The Oregon Treasures Act of 2008, introduced by Oregon Congressman Peter DeFazio, would designate 143 miles of rivers in the Rogue watershed as Wild and Scenic. The protections would safeguard the streams from any dams or diversions, and would prohibit logging within one-half mile in either direction of the streams.

“The Conservation Alliance supports the effort to secure new protections for the Rogue River because it is good for business,” said Sterling in his testimony. “The Rogue is an iconic recreation destination, and the Oregon Treasures Act will protect the entire watershed of the Lower Rogue.”

The Rogue is among Oregon’s most beloved rivers, and is one of the premier fishing and boating streams in the county. Congress recognized this fact in 1968 when it included 84.5 miles the Rogue River as one of the first eight units of the National Wild and Scenic Rivers System. Whitewater boating on the Wild Rogue supports 225 jobs, and generates $14 million in total economic output.

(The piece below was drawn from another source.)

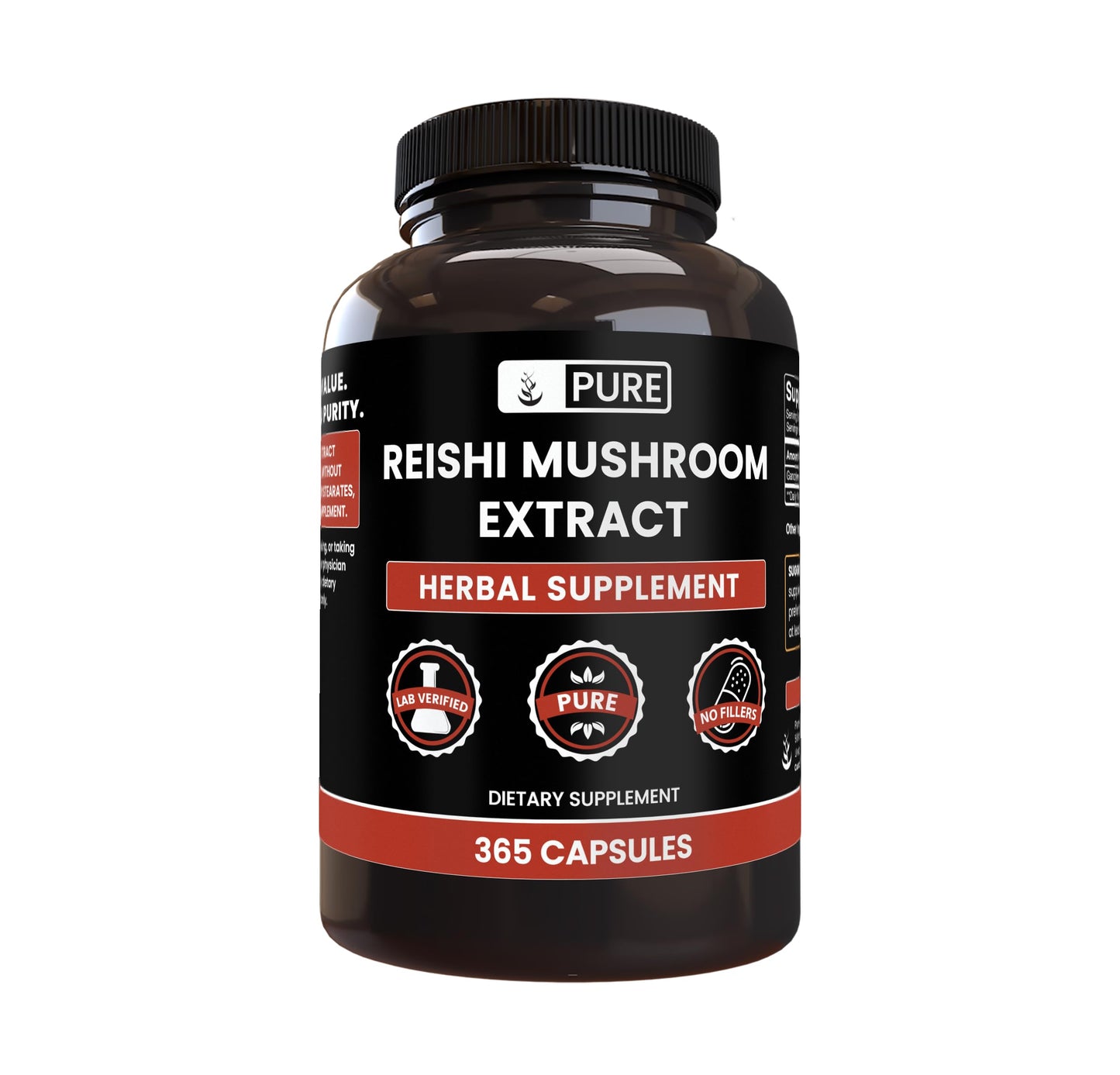 Pure Original Ingredients Reishi Mushroom Extract Capsules 365 Count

The Conservation Alliance made a grant to Klamath Siskiyou Wildlands Center in 2007 to help the organization build local support for new protections for the Rogue. That grassroots organizing motivated Rep. DeFazio to introduce the Oregon Treasures legislation.

“These watersheds are threatened by proposed logging,” said Sterling. “We know that the Rogue watershed has greater and more long-term economic value for recreation than for timber.”

About The Conservation Alliance:
The Conservation Alliance is an organization of outdoor businesses whose collective contributions support grassroots environmental organizations and their efforts to protect wild places where outdoor enthusiasts recreate. Alliance funds have played a key role in protecting rivers, trails, wildlands and climbing areas.

Membership in the Alliance is open to companies representing all aspects of the outdoor industry, including manufacturers, retailers, publishers, mills and sales representatives. The result is a diverse group of businesses whose livelihood depends on protecting our natural environment.

Since its inception in 1989, the Alliance has contributed more than $6.5 million to grassroots environmental groups. Alliance funding has helped save over 38 million acres of wildlands; 26 dams have either been stopped or removed; and the group helped preserve access to more than 16,000 miles of waterways and several climbing areas.